Gebäudedimensionen im Vergleich: Geplante Hochhäuser (27 und 21 Meter hoch) gegenüber einem Einfamilienhaus und einem Bauernhof mit Wirtschaftshalle.   Foto: hgb

Holzmodelle: Wie die Gebäude im Vergleich wirken würden – das machte Markus Bichler von der Bürgerinitiative „Bündnis NordOst“ an einfachen Holzmodellen deutlich: Hochhaus E plus 7 (Grund­fläche circa 40 mal 16 Meter, rund 27 Meter hoch) und Hochhaus E plus 5 (rund 21 Meter hoch) gegenüber einem Einfamilienhaus und einem Bauernhof mit ehemaligem Stall E plus 1 plus Heubo­den. Keller als Hochpaterre (70 Zentimeter über dem Boden). „Ob der Größe und Wucht der Ge­bäude waren Interessierte hochgradig schockiert, kritisierten, dass die Stadt die Planungen vernied­licht, dass man für maximal 10 000 Bewohner bauen sollte,“ so Bichler.

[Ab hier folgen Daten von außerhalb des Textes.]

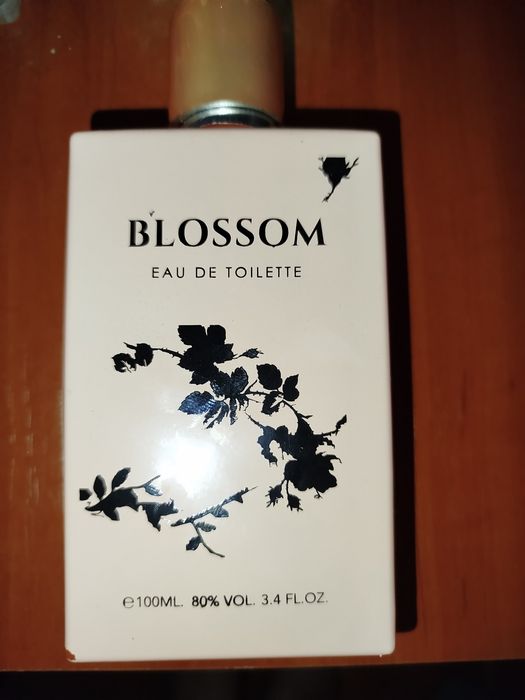 Віддам безкоштовно одяг для дівчини жінки блузка плаття джинсовка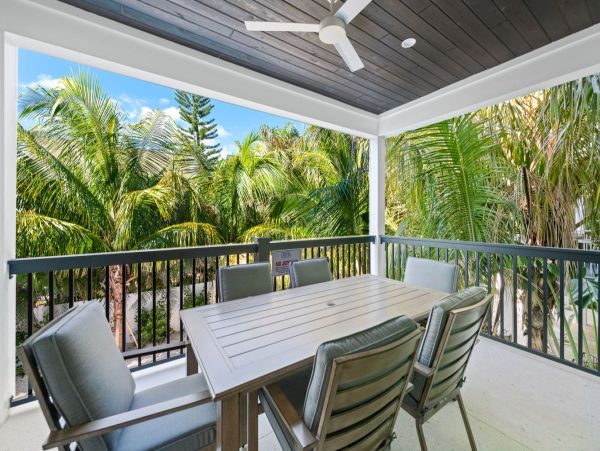 Gorgeous 8 Bedroom Vacation Getaway Walk to Beach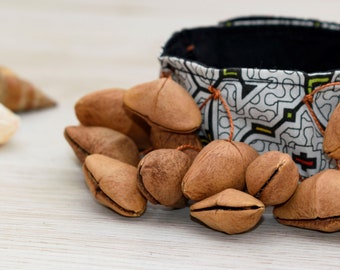 Shaker Amazon Seed  ~ Anklets Large Size
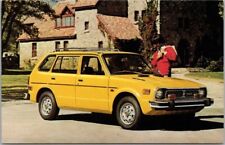 Vintage 1970s HONDA CIVIC CVCC WAGON Advertising Postcard Yellow Car / UNUSED picture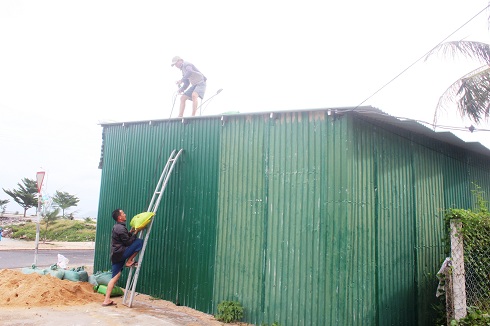 Người dân xã Vạn Lương, huyện Vạn Ninh chằng chống nhà cửa.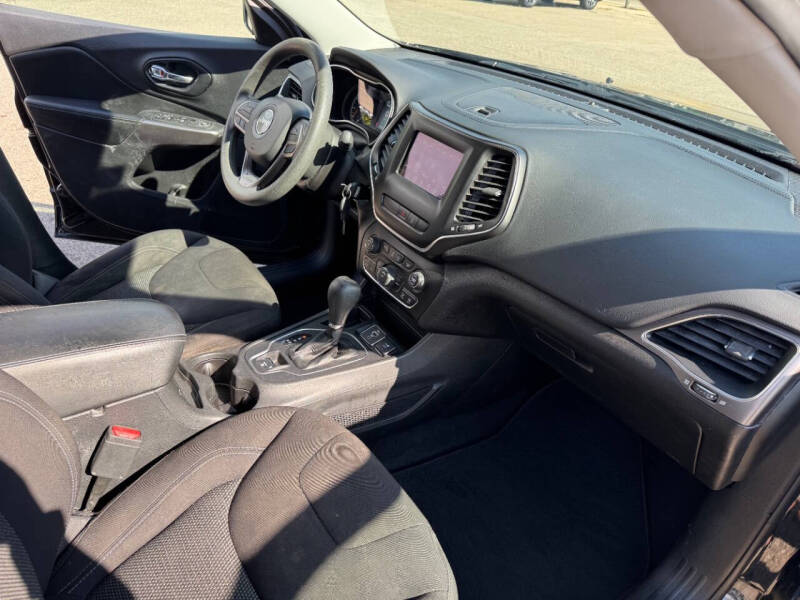 2021 Jeep Cherokee Latitude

Rechtslage: „Es ist das Konzept der Stadt, Dinge nach außen hin schön zu reden. Wir wundern uns schon, dass bei der Werbekampagne Geld keine Rolle spielt, dass sich der OB hinter der Wer­beagentur versteckt. Es gilt, juristisch zu überprüfen und zu klären, ob die Stadt den Einleitungs­beschluss aufheben muss“, so Heimatboden-Rechtsanwalt Benno Ziegler. Und: „Wir werden das gesamte Projekt nicht verhindern können, wir wollen aber Gespräche mit der Stadt auf Augenhöhe. Das ist eine Chefsache, der OB muss das endlich in die Hand nehmen.“

Der Siegerentwurf für die SEM Nordost des Büros Rheinflügel Severin für die Variante mit 20 000 Bewohnern (entsprechend etwa 7100 Wohnungen). Realisiert werden soll die Variante mit 30 000 Bewohnern (entsprechend etwa 10 600 Wohnungen). Eine Visualisierung dazu gibt es nicht.   Plan: Rheinflügel Severin

Unsicherheit I: „Ich begreife nicht mehr, was da abläuft. Wir werden von der Stadt für blöd ver­kauft. Unsere Gutachten wurden als lächerlich abgetan. Kann ich meinen Kindern raten, den Beruf Landwirt zu erlernen? Klar, es wird gebaut. Aber wir brauchen Planungssicherheit – soll ich auf der Lagerhalle eine Fotovoltaik-Anlage installieren? Diese Fragen sind für essentiell“, so Oberfranz.

Unsicherheit II: „Welchen Grund sollen wir in Zukunft, in zehn, 20 Jahren, bewirtschaften? Wie und wann arbeiten, wenn die Felder nah der Wohnbebauung liegen? Sonntags? Feiertags? Abends? Staub? Lärm? Mist als Dünger?“– Fragen über Fragen, die Thomas Eberl und seine Frau Maria, Gastgeber der Runde, umtreiben. Sie bewirtschafteten in dritter Generation den etwa 90 Hektar großen, auf Öko umgestellten Wiesheu-Hof mit Schafen, Rindern und 1000 Hühnern samt Biogas-Anlage, die Wärme und Strom für bis zu 4000 Haushalte erzeugt. Um diese Anlage musste Eberl für 120 000 Euro eine Mauer bauen lassen. Und: Die grüne Ummantelung der zwei Tanks muss mit weißen Hüllen „überdeckt“ werden. Warum? „Wegen der Absorbierung der Lichteinstrahlung, damit das Gas sich nicht erwärmt.“ Aufwand: 120 000 und 80 000 Euro. Eberl ganz allgemein: „Es geht nicht mehr um Wohnungen, es geht ums Geld. Die Stadt könnte doch auf ihren 150 Hektar bauen.“

Forderung: „Wir brauchen endlich einen runden Tisch vor Ort mit dem Oberbürgermeister und Stadtbaurätin Elisabeth Merk. Man muss mit den Leuten, nicht über die Leute reden“, so Branne­kämper.